Number Four-myth a fused back and severe disability are inevitable. We all know that Ankylosing Spondylitis doesn't progress the same and everyone at the same rate at the same way with the same condition. With that said, there's no reason to think that you are going to end up with a fuse back and, you know, possibly on severe disability, you know, it's not inevitable. It's what I'm trying to say the more work you do, as I mentioned earlier with exercise and the medications that are available now, the chances are you may be able to stave off some of that fuse back or severe disability doesn't mean everybody's going to be successful at it again as it attacks it. Everybody differently. You know, many people will have periodic episodes of mild, you know, tuesd, very severe inflammation, stiffness or back pain, it's when you have that repeated attack of inflammation that you can have, the vertebrae start to fuse.
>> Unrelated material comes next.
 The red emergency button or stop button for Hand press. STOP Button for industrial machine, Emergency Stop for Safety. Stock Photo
Luckily now again, with many of the modern medications, some of those real bad bouts of inflammation can be kept at bay, and maybe make the fusing that you encounter much less severe. But if it does happen, and the fusing does take place, it can severely limit your movement and make it impossible to keep your spine straight. That's where I'm at fusion in your rib cage can reduce lung capacity and also make it hard to breathe. You know, that's one area I've been lucky. I've regularly done deep breathing exercises every morning when I get up for a minute, minute and a half, not very long, but I do in the morning and I try to do them in the evening as well. And I've just had little to no problems with lung capacity, unlike many others that I feel bad for that get it really severe in their lungs and the rib pain. But, you know, again, it doesn't happen to everybody. Many people with AS will end up having much milder symptoms that can be managed and not present a whole lot of long-term lifestyle or occupational changes. And finally, about 1% of people with ankylosing spondylitis gets what's known as disease burnout and enter long term remission. 
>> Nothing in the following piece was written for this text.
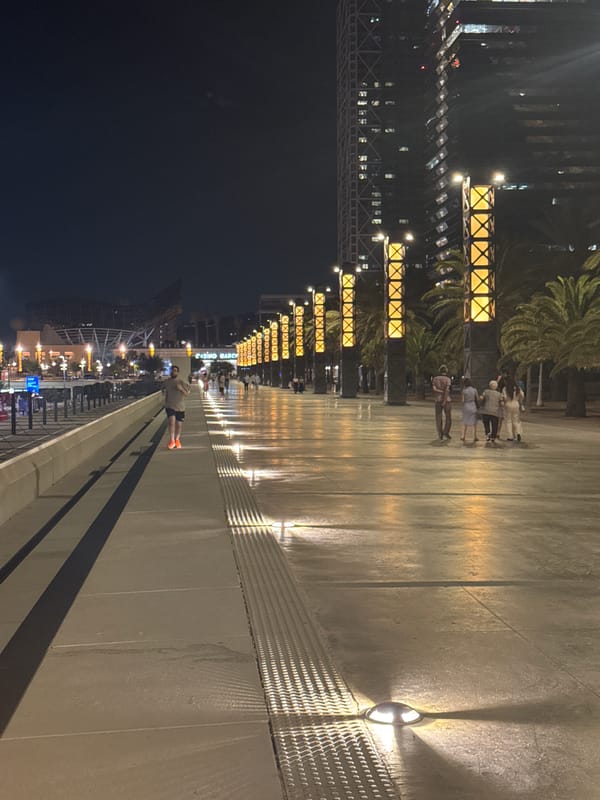 Night stroll along Barcelona's Port Olímpic marina promenade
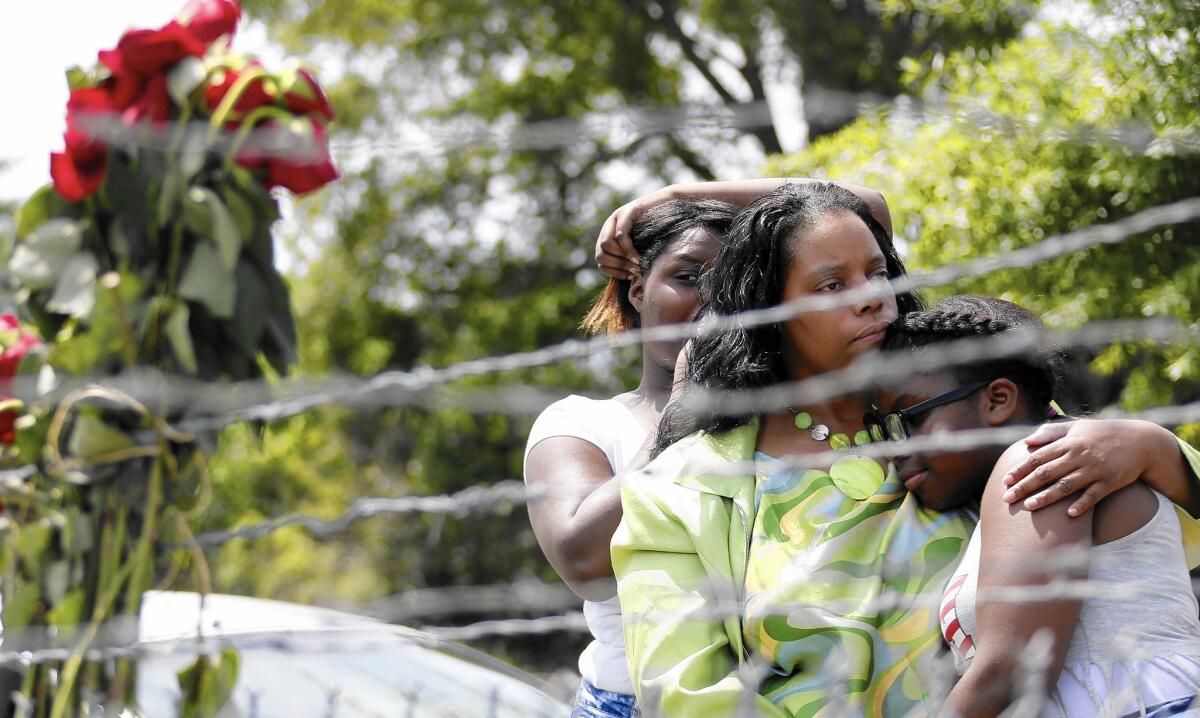 Waynetta Theodore, left, Alberta Harris and Christiena Preston pay their respects on May 10 at a memorial near the site in Hattiesburg, Miss., where two police officers were killed during a traffic stop.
Number Five-myth AS is rare. Well, you know, everybody is probably heard of Multiple Sclerosis, Cystic Fibrosis, but what they don't realize is that neither of those two diseases for example, affect as many people as Ankylosing Spondylitis does, worldwide, it’s estemated about 1 in 200 adults have AS. It's now estimated that there are about 2.7 million people in the United States with Spondyloarthritis, of which Ankylosing Spondylitis is the most common. So it's not as rare as people think. And, we need to get the story out there better. We need to talk to people and educate people about this whenever the opportunity presents itself to continue to tell the story about what this is, and hopefully more researches on the way into different symptoms and remedies for a Ankylosing Spondylitis and all of the spinal arthritis.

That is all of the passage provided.